For contacting me in May when news of my choice had finally reached you through the words of others, for validating the difficulties/truths of my reality, for recognizing how tight my schedule is and driving all the way out here to meet with me in person to make sure I was doing OK, and for offering your support: literally no words. Of all the people I had expected to hear from during that time period, it honestly wasn’t you, but I am glad that it was. THANK YOU. Thank you for helping a wounded part of me to heal. In that moment, you again did more than you know.
Some Reading to Consider:
This month, my book recommendations are going to be fiction, because sometimes reality just plain sucks and I need a few moments to pretend it’s not waiting to clutch my ankles and tug on me later in the day. Case in point:
However, I am going to be providing a few alternative articles that you can choose to read from if you prefer. My fictional choices may not be everyone’s cup of tea. The two books I will be mentioning were both written by authors on the spectrum for a probable target audience younger than myself, and they are both inclusive to lifestyles that others may be sensitive to (though I am not).
While I agree with Richard Rohr that “the point of the Christian life is…to stand in radical solidarity with everyone,” I want to be respectful about the rights of others to hold different views. And, the part of me that says “don’t care, bury me in glitter and fantasy anyways” tends to appreciate artistry for all stages and ages of life. As a general note, I’m not going deeply into plot lines, nor am I giving a heavy critique. Having written both fiction and poetry myself at points in my life, I understand that many elements of these works are subjective, and some of us would prefer to avoid spoilers.

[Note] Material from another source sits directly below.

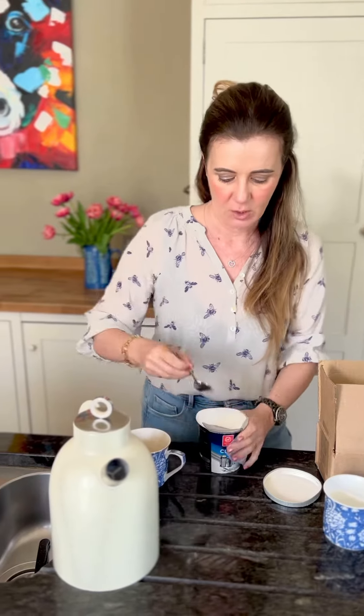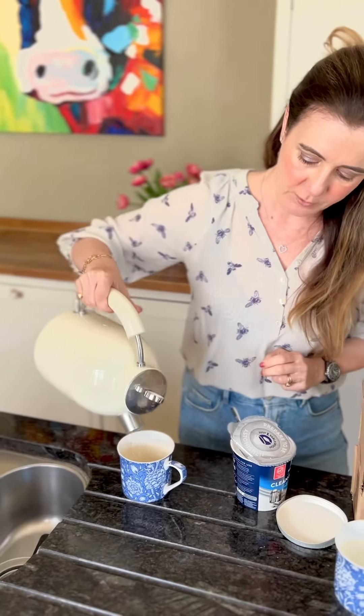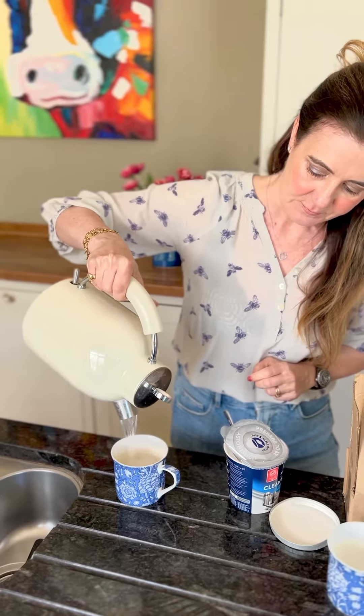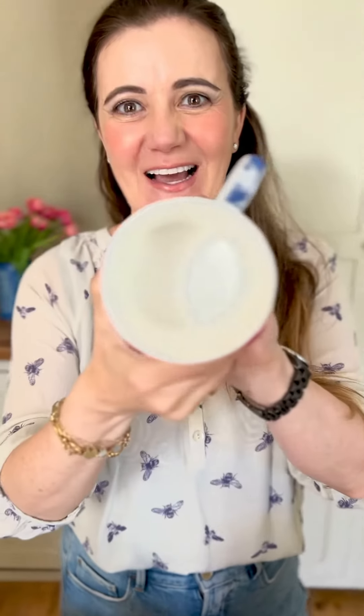I'll show you how it works. You need to boil some water, then put one teaspoon in, pour the boiling water right to the top, and wait an hour. Bob's your uncle — look what you get: a pure white mug at the end. Highly recommend it, link below to Amazon.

Dragon Pearl, by Yoon Ha Lee
I found this story, which blends elements of science fiction, folk lore, and fantasy to be quite imaginative. From the author’s website, I have gleaned that it was written predominantly for a middle school audience. The protagonist, Min, is a young girl who embarks on a journey through space to find her brother and clear his name. The pacing lagged a little bit in the middle, but for the most part the plot clipped along at a nice speed and I found myself actually wanting to loose sleep to finish it. I also appreciated that while Min heavily employed subterfuge in her quest, by the end of the book she was recognizing that not all of the outcomes would be positive, as others she valued had different opinions about her motives and experienced feelings of their own about being misled. This book has an ending that would lend itself well to a sequel, and I am definitely hoping he chooses to expand on Min’s story.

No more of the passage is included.